I’ve been using forward and rear supports with portable table saws. A DIY cabinet base will help with this, but it won’t do anything about the fence. Okay, maybe I can design my own fence. The added time, cost, and complexity adds up, and at the end, the solution is still a compromise.
A cabinet-style table saw is my next upgrade.
Maybe at that point I might take the time to design and build a mobile DIY portable table saw worktable, for comparison purposes.
Here’s what’s important to me: Less noise. Better dust collection. Accuracy and easy calibrations. Mobility – I want to be able to push the saw aside or pull it out for use with ease. Quality. Fast and effective customer service. Easy controls. Less hassle.
I built myself a workbench, but when it came time to outfitting it with drawers, I waited, and waited, and waited until I had the time to do them properly. I eventually ordered some kitchen cabinet drawers. I’ll just made the drawer fronts – eventually. I have two more workshop cabinets to build now, and having a better table saw will make the tasks go quicker and easier, and maybe even with better results.
There are times when the DIY route is perfect, and other times it’s a customize. Here, the decision about whether to work on a table saw vs. with a table saw is the easy one for me. For you, it might be better to save the difference in cost and put that towards something else.
SawStop’s jobsite saw proved to be a VERY GOOD tool, and it surprised me as to how user-friendly it was. Does SawStop’s cabinet saws deliver a comparably exceptional user experience?

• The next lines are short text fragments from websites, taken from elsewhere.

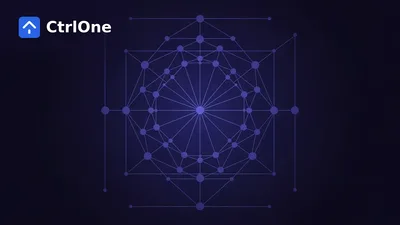 Endpoint management for educational institutions - CtrlOne blog illustration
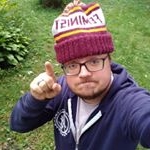 Profile Picture of Nathan Irons (@nathaniroberts) on Instagram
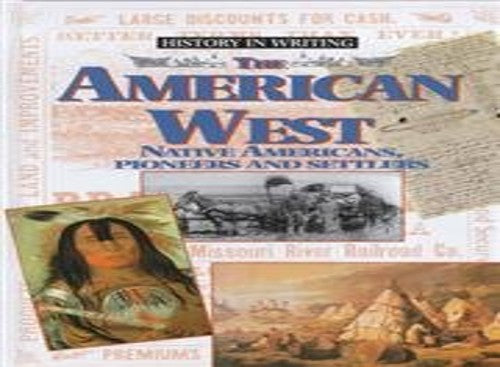The American West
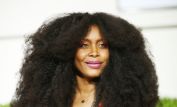 Erykah Badu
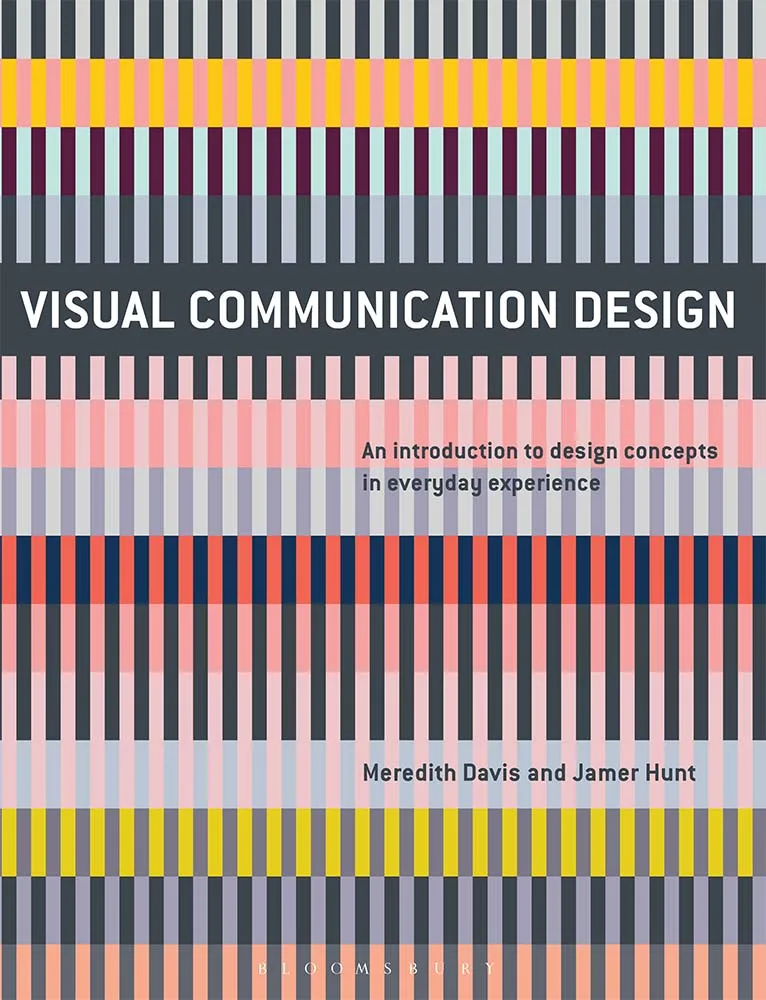 Visual Communication Design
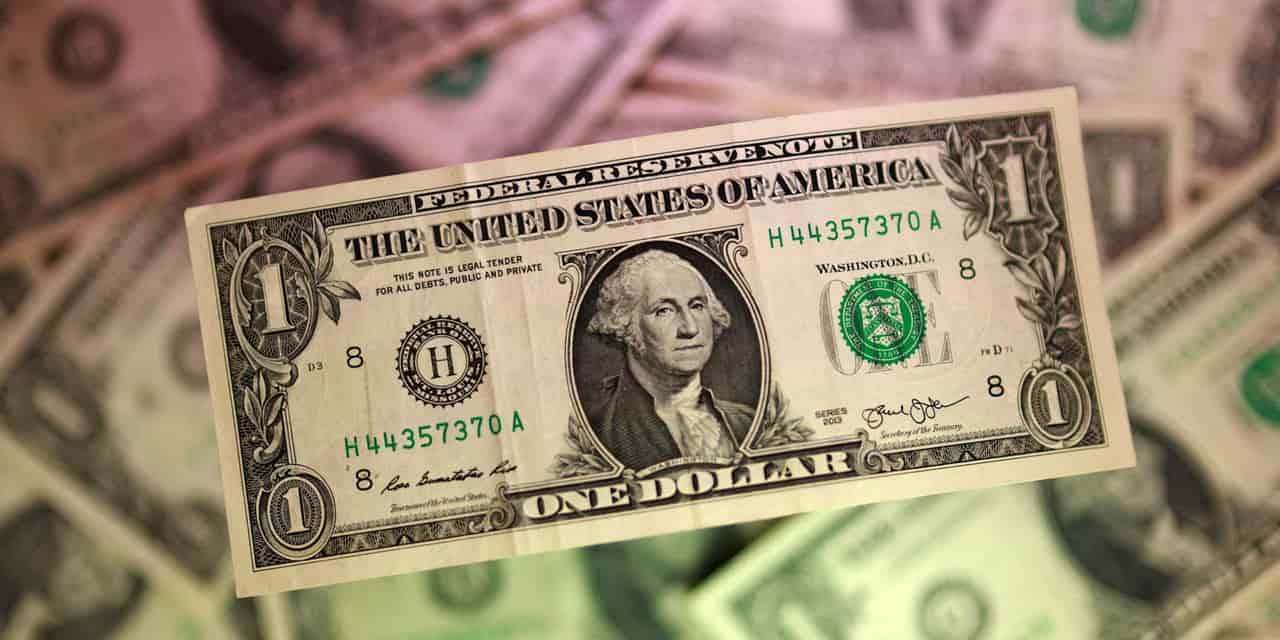 Dollar faces summer turning point amid yen interventions, US jobs report
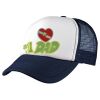 Foam Mesh Trucker Thumbnail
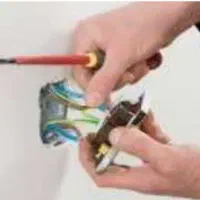 برق کاری و عیب یابی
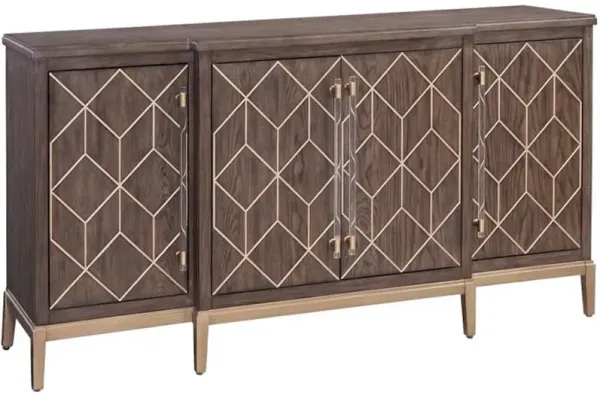 Perrine Brown Oak Server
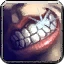 That Sparkling Smile Icon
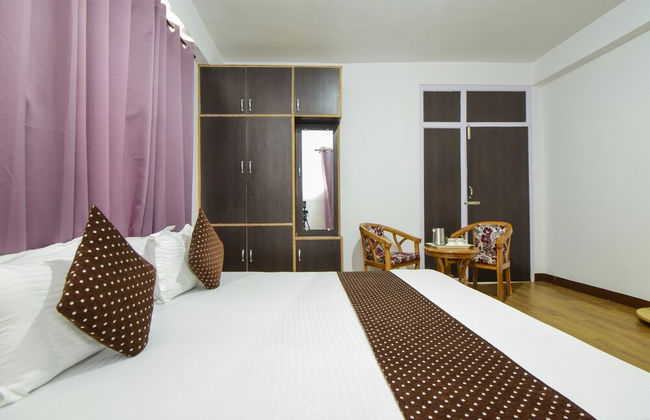 Mashobra Homestay by Dumnu Homes - Foto 6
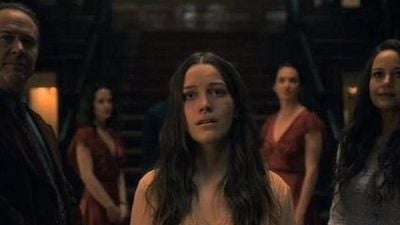 TEST: ¿Qué fantasma de 'La maldición de Hill House' eres? noticias imagen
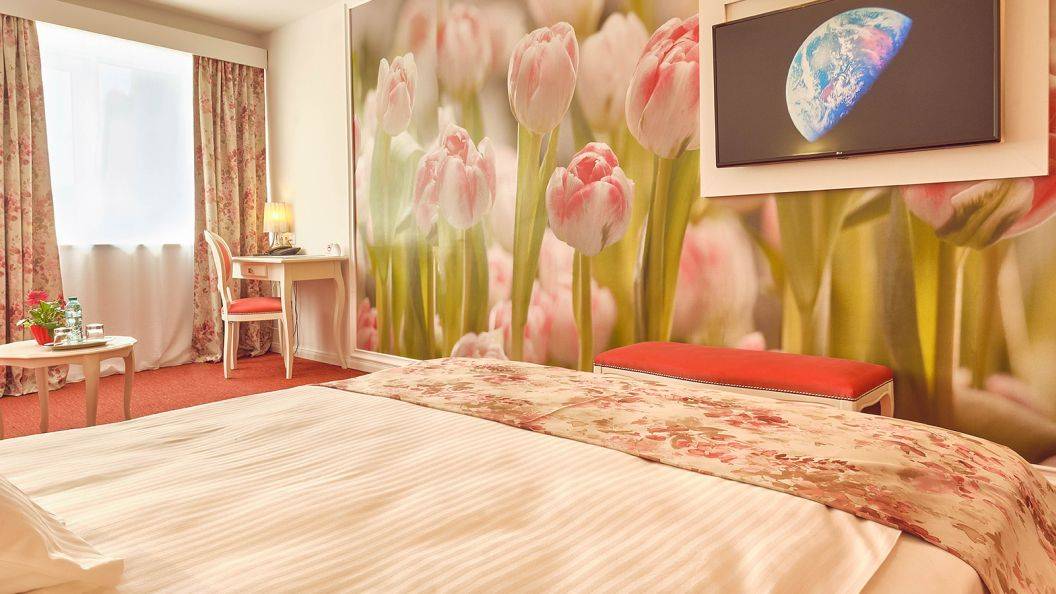 Cazare 2023 Bucuresti Hotel Continental Forum Bucuresti**** 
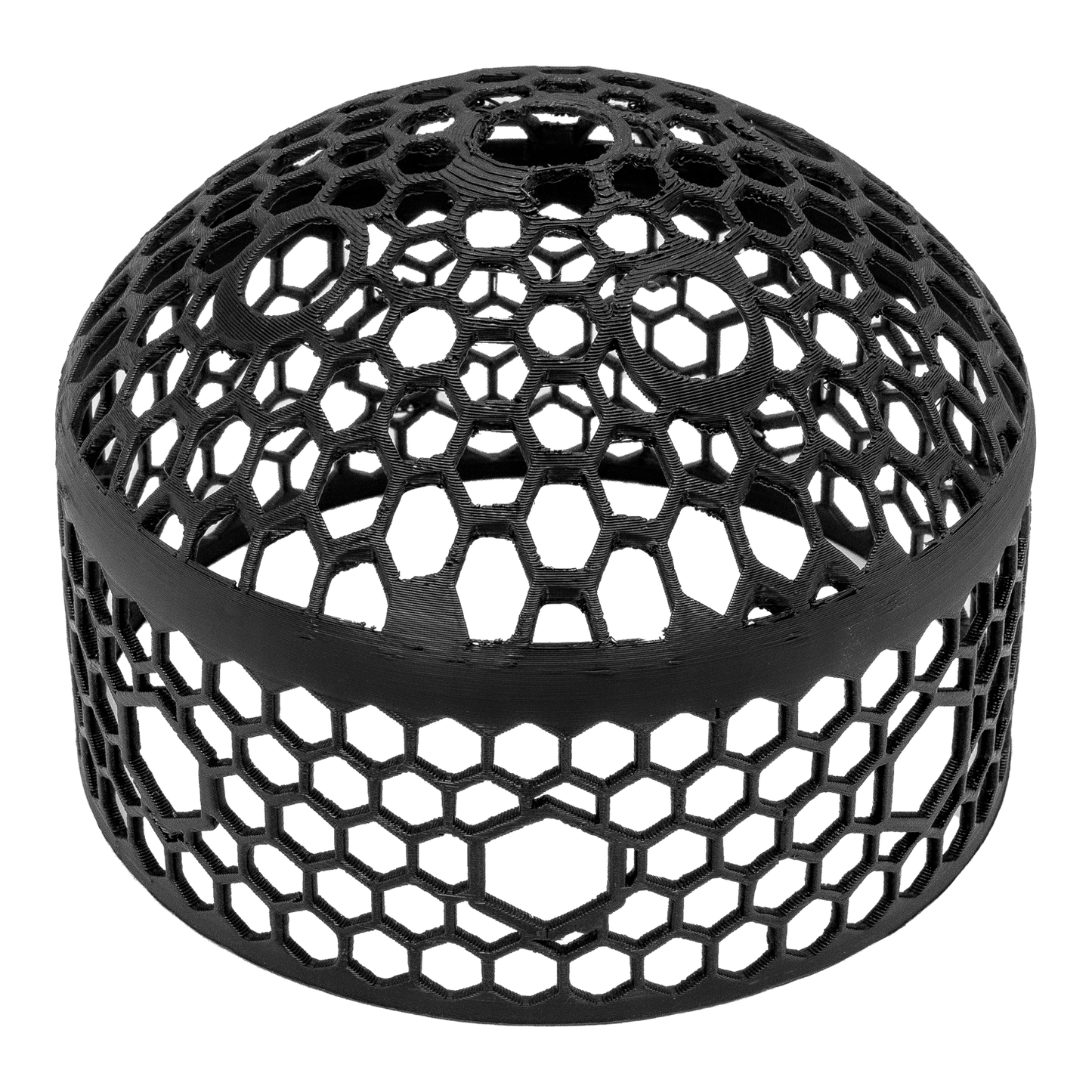 Coral Feeder Cage WYSIWYG Coral by Reef Racket LLC
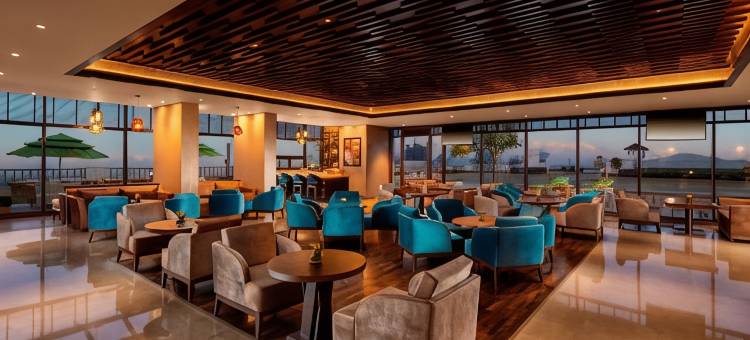 捷皮居住庄园(Jaypee Residency Manor)图片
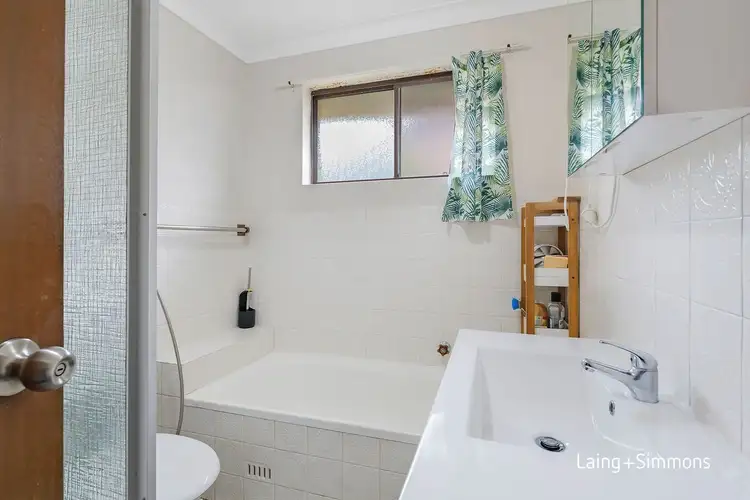 Sixth view of Homely apartment listing, 3/10-12 Paton Street, Merrylands West NSW 2160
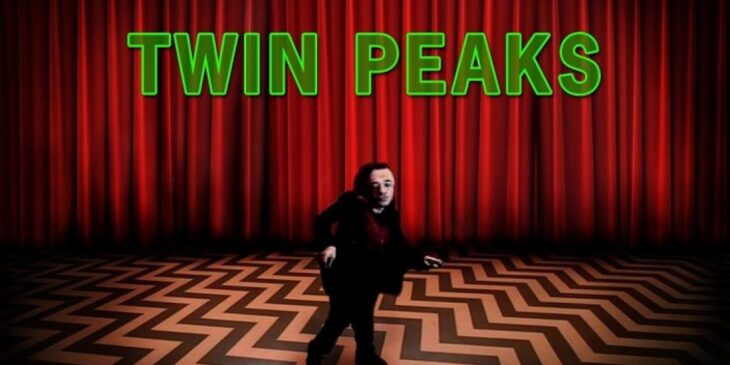 Twin Peaks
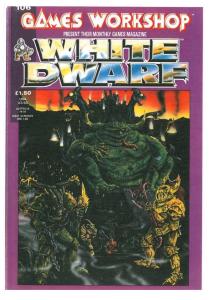 White Dwarf Magazine Issue 106 - Oct. 1988 (UK).pdf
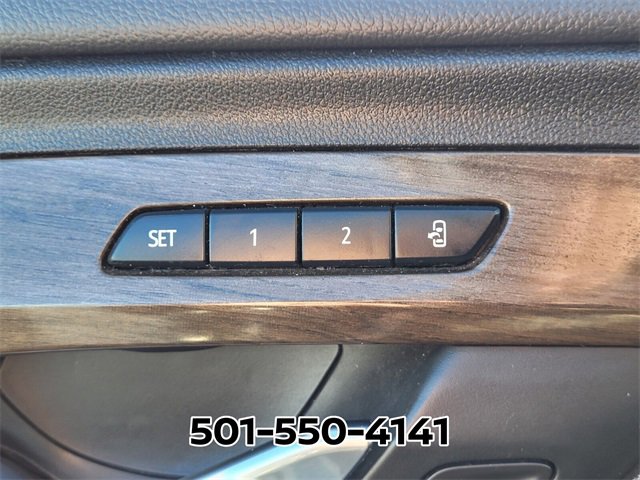 Used 2020 GMC Terrain Denali w/ Denali Premium Package image 30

I just received my purchased Powermatic jointer today. Will my upcoming experiences push me to the “Gold Standard” brand? They also have new 100th anniversary tools coming out, with the PM1000 table saw included in the specially decorated anniversary edition tools. That throws a wrench into things.
This all brings me back to the title question.
Is SawStop the best workshop table saw brand this year? Should I look at other brands or styles of saws (e.g. Euro-style)?
I have been mulling over another question: if SawStop was willing to provide a test sample for review, or a “use it now or lose it” editorial or influencer discount, would I take advantage of it? Absolutely. I prefer to purchase tools for use, but an editorial sample or discount would allow for content exploration commitments and also squash my indecisiveness.
This post is intended to answer two questions for me. Is there a better choice when it comes to cabinet saws? And, is there interest in detailed explorations regardless as to which table saw path I go down? Going down the DIY table saw platform vs. cabinet saw debate, for instance, really depends on having both options side by side.
For instance, I purchased an 8″ jointer and a brand supplied me with a 6″ jointer, and only with the two can I explore the pros and cons of both.
I can make do without a full-size table saw and wait further. If I’m going to give up floor space to accommodate one, I need to be sure I’m making the best choice and that I can squeeze every bit of use and editorial potential out of it.